The word Reserves may mean many things and is widely misunderstood. It may mean the estimated production from the beginning to the end of the field life (ultimate reserves) or that of what is left to produce. The estimates too may refer to what is “proved” so far, hence with a high degree of certainty (called also reasonable) or to what can be “expected” from the field over its full production life (called “mean” or “expected” value). World oil production is also badly defined, equalling 65 Mb/d of “conventional” crude oil or 75 Mb/d when including all liquids. Obviously, the goal should be to forecast the future production of all liquids since the demand is that of these liquids. The starting point is to estimate conventional oil, later adding NGL, unconventional oil and refinery gains, which together comprise supply.  
In most countries other than the USA and FSU, Conventional oil depletion can be studied on the basis of estimated “Mean” Reserves backdated to the year of discovery. We assume that the declared 2P values (Proved + Probable) are close to the “Mean” values because some 2P values will grow but some will decrease, as others that correspond to hypothetical fields, will disappear of the discovery list. The US, following the Securities and Exchange Commission (SEC) rules, report only Proved Reserves, which in plain language means Proved So Far, accordingly being subject to strong reserve growth. In the FSU, The A+B+C1 reserves of their classification are generally thought to correspond with Proved + Probable Reserves, but actually also includes Possible Reserves. Both US & FSU reported reserves need to be corrected to a “mean” value to be useful in forecasting.

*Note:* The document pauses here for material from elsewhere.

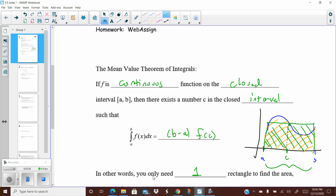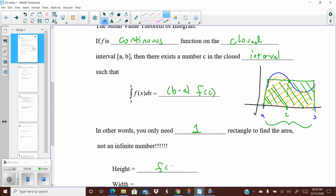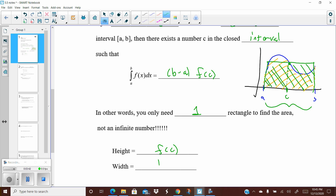The height is F of C and the width of the rectangle is B minus A. Everything we've done before used an infinite number of rectangles — taking the limit of those areas gives the area beneath the curve. This theorem says I only need one rectangle, as long as I know where to find that specific height on the graph. That height of the rectangle will be exactly the same as the area between the curve and the x-axis. Kind of a cool concept.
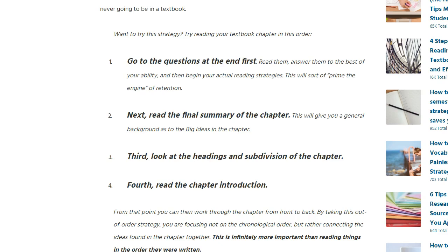And then the next thing — third — look at the headings and subdivisions of the chapters. Just go through and look through the chapters. Look for the big words, bolded definitions, call-outs. Look at the pictures, the graphs, read the captions. Look at the example problems — look at everything that is not the main text.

Modelling future production is straightforward in countries not constrained by political policy, a situation that does not exist so far with OPEC and the FSU. The Creaming Curve, plotting cumulative mean discoveries versus the cumulative number of new field wildcats, is a powerful tool. Another method is to plot the percentage of annual to cumulative production versus cumulative production, and extrapolate the trend. Future production can also be modelled with one or more bell-shaped curves. The bell-shaped curve was invented by K. Hubbert in the 50s and successfully applied to the production of the 48 US lower states, which are bell-shaped curves similar to a normal curve. In other regions with several E&P episodes, one has to use several such curves, each one related to its discovery pattern.
Oil production in the world outside OPEC and the FSU can be readily modelled with such a bell-shaped curve, despite the recent surge of deepwater production and suggests a peak of about 32 Mb/d during this decade. Modelling the FSU has to recognise the over-production of the late 1980s and the under-production during the 1990s following the collapse of the Soviet Union. What has been under-produced in the 90s or under-developed in the Soviet era is now creating a new cycle. The main contributing regions will be East Siberia and Sakhalin, as well as new discoveries in the Caspian, together giving a peak of about 10 Mb/d in 2010. Modelling OPEC production is more questionable, but it could peak in 2020 at between 40 and 45 Mb/d. 
Combining the three crude oil models for OPEC, the FSU and the rest of the world gives a world ultimate recovery of 2200 Gb. with a peak at about 80 Mb/d between 2010 and 2020. Non-conventional oil and other liquids, with an ultimate of about 800 Gb, could peak in 2050 at around 20 Mb/d. The combined model for all liquids gives a peak of 90 Mb/d around 2015.
Annual world oil production as a percentage of remaining “mean” reserves has increased from 1% in 1960 to 2.5 % in 2000. If demand was to rise to 115 Mb/d by 2020 it would require the finding of some 300 Gb of additional reserves, for which there is little evidence. Hence our conclusion that demand is likely to be constrained by a combination of high prices, recession, and political action.